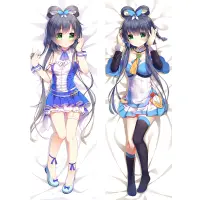 在飛比找蝦皮購物優惠-Vocaloid洛天依動漫dakimakura日本愛身體枕套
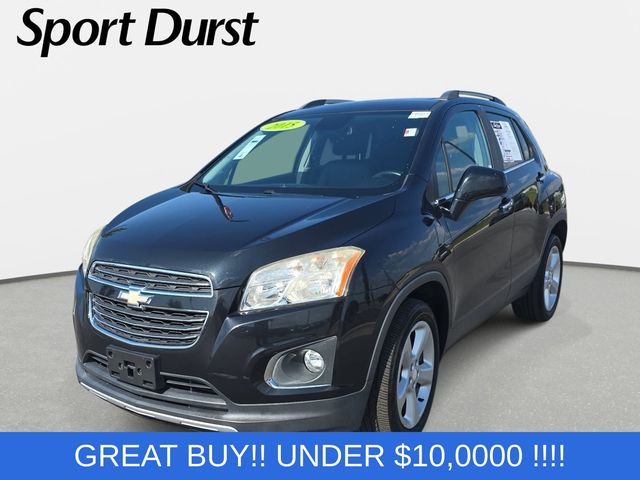 2015 Chevrolet Trax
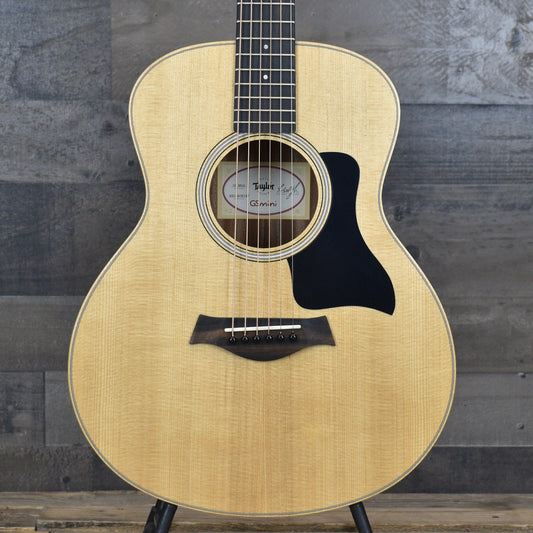 Taylor GS Mini - Sapele with Gig Bag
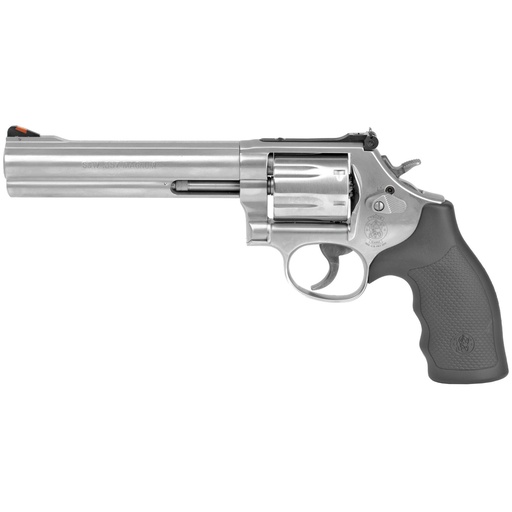 [164198] Smith & Wesson 686 Plus .357 Magnum 6" Stainless Steel 7 Round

* PROMPT
Start with the line that holds "Taylor GS Mini - Sapele with Gig Bag" and retype each line through the last one in the data, exactly and without pictures.

* PROBLEM SOLUTION
 Taylor GS Mini - Sapele with Gig Bag
 [164198] Smith & Wesson 686 Plus .357 Magnum 6" Stainless Steel 7 Round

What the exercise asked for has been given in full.